**** Raw data
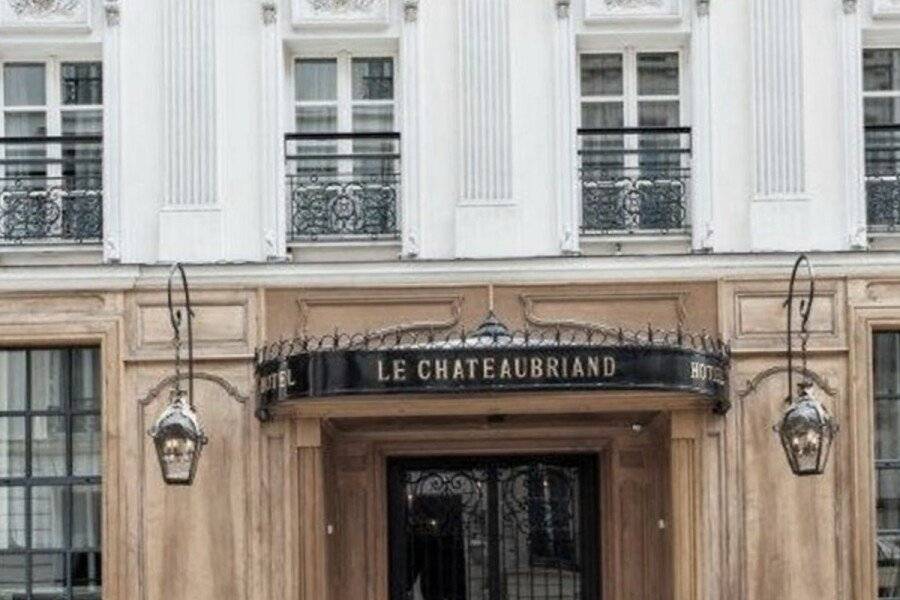 Hôtel Chateaubriand facade,parking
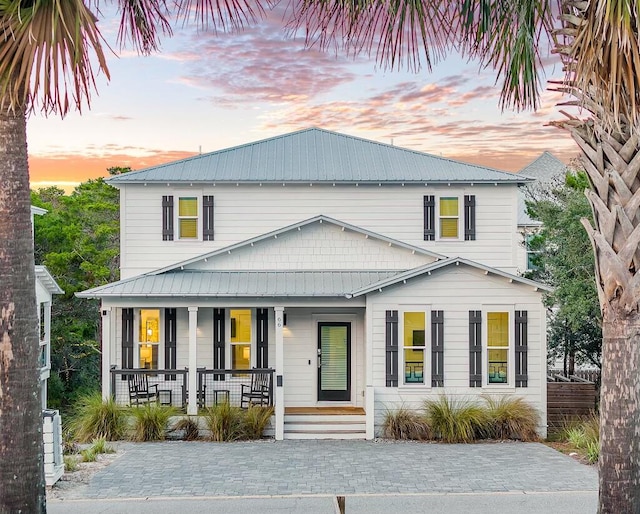 view of front of house featuring covered porch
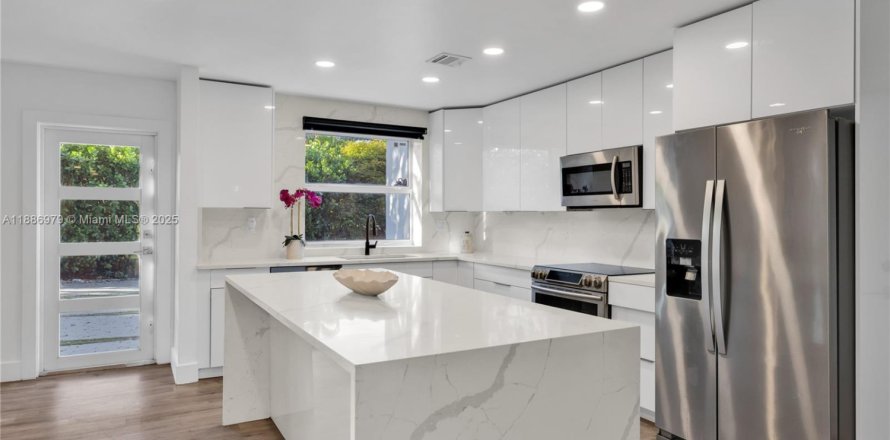 Casa en Miami Shores, Florida 4 dormitorios, 207.82 m2 № 1943982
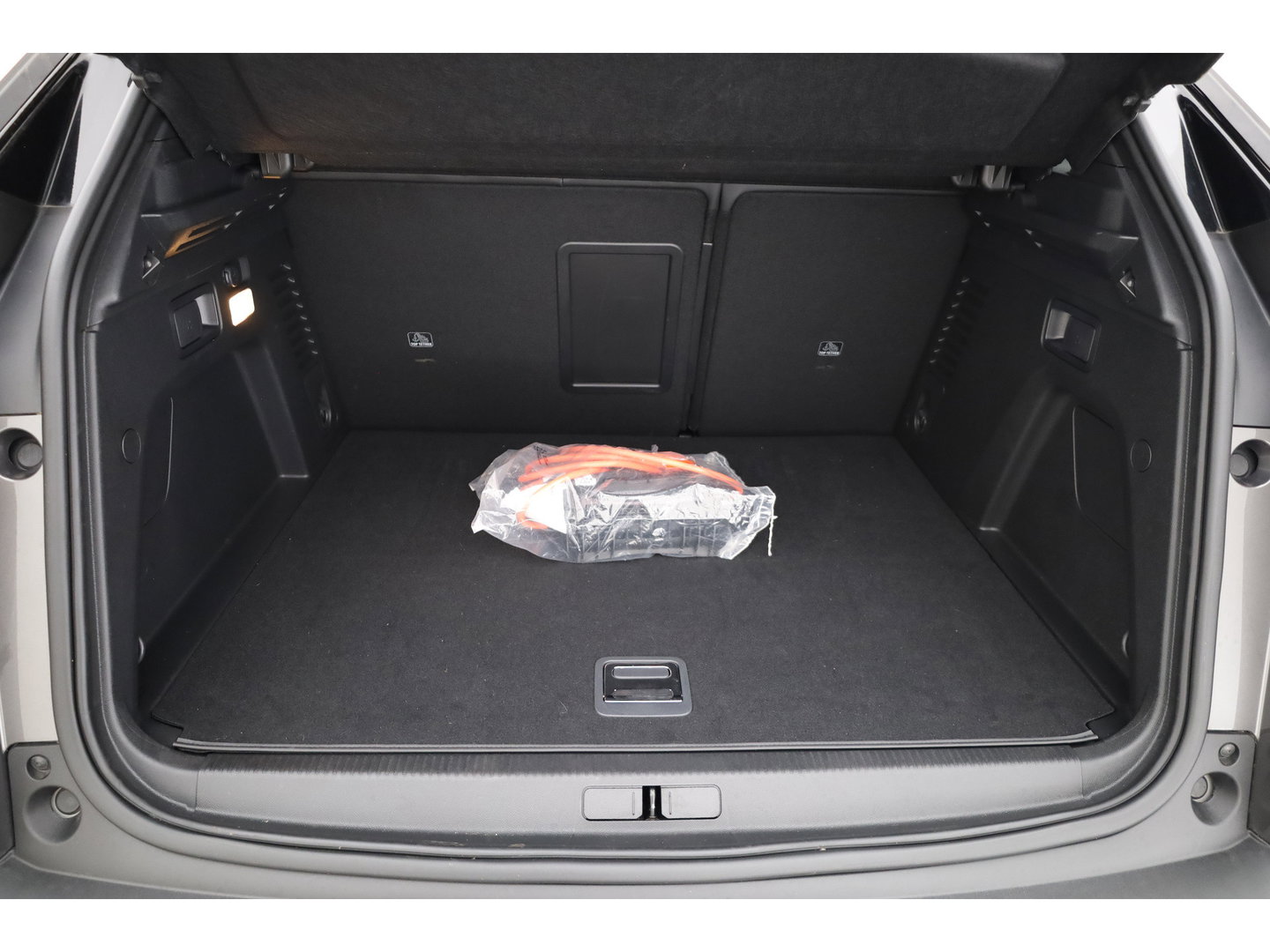 Peugeot 3008 1.6 Hybrid 225 GT | Rijklaar! | Pano | Adapt. Cruise | Camera + PDC | Apple CarPlay + NAV | Dodehoekdet.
********
**Problem details:**
Please give again only those lines that run from the one containing "Casa en Miami" through the final line of the listing, both included, exactly as written and without pictures.

**Solution:**
 Casa en Miami Shores, Florida 4 dormitorios, 207.82 m2 № 1943982
 Peugeot 3008 1.6 Hybrid 225 GT | Rijklaar! | Pano | Adapt. Cruise | Camera + PDC | Apple CarPlay + NAV | Dodehoekdet.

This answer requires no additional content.